A company’s internal control over financial reporting is a process designed to provide reasonable assurance regarding the reliability of financial reporting and the preparation of financial statements for external purposes in accordance with generally accepted accounting principles. A company’s internal control over financial reporting includes those policies and procedures that (1) pertain to the maintenance of records that, in reasonable detail, accurately and fairly reflect the transactions and dispositions of the assets of the company; (2) provide reasonable assurance that transactions are recorded as necessary to permit preparation of financial statements in accordance with generally accepted accounting principles, and that receipts and expenditures of the company are being made only in accordance with authorizations of management and directors of the company; and (3) provide reasonable assurance regarding prevention or timely detection of unauthorized acquisition, use, or disposition of the company’s assets that could have a material effect on the financial statements.

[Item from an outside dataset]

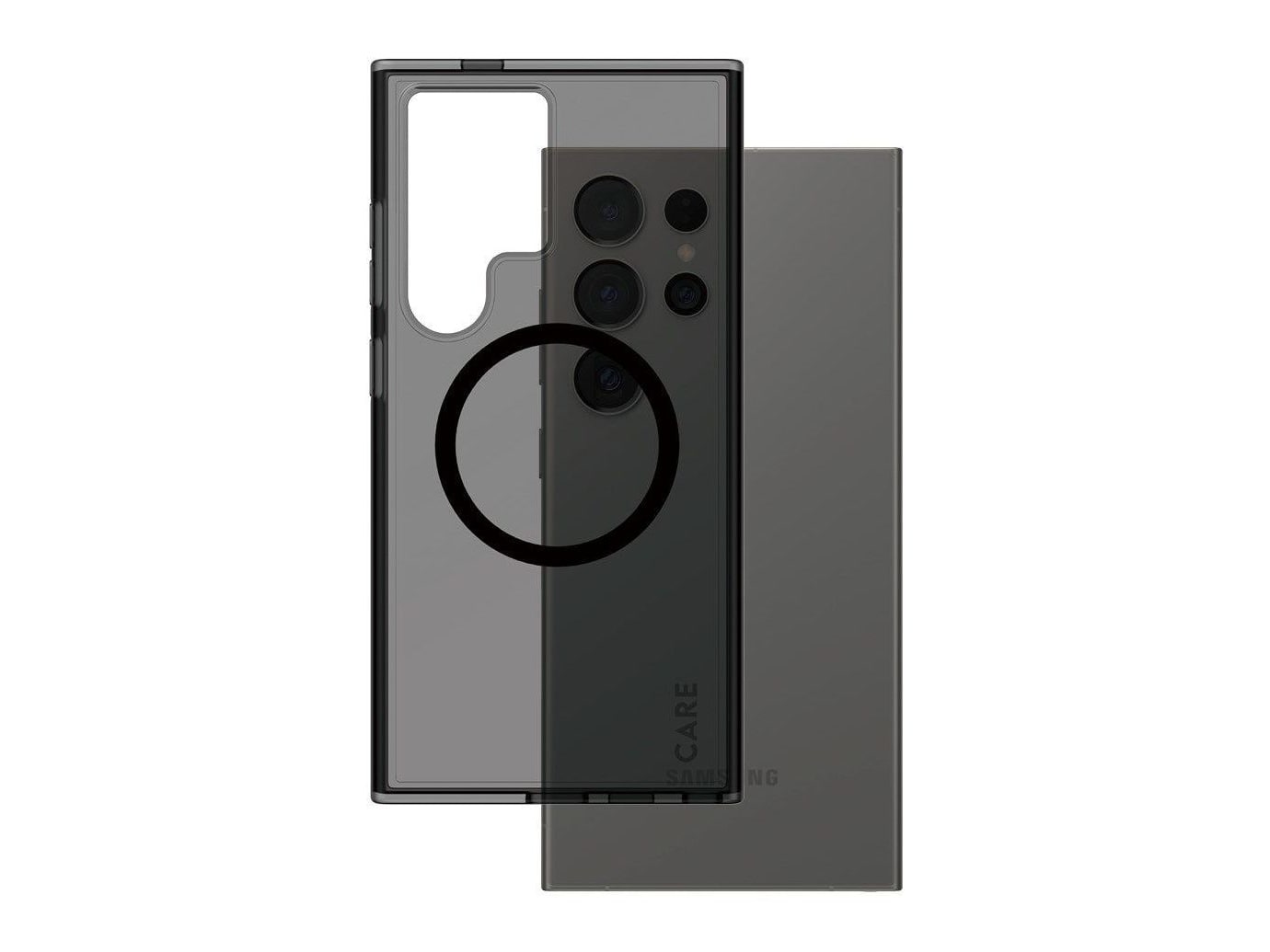 PanzerGlass - CARE Smokey Case w. Black Qi Compatible Samsung Galaxy S24 Ultra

Because of its inherent limitations, internal control over financial reporting may not prevent or detect misstatements. Also, projections of any evaluation of effectiveness to future periods are subject to the risk that controls may become inadequate because of changes in conditions, or that the degree of compliance with the policies or procedures may deteriorate.
In our opinion, The Meridian Resource Corporation maintained, in all material respects, effective internal control over financial reporting as of December 31, 2007, based on the COSO criteria.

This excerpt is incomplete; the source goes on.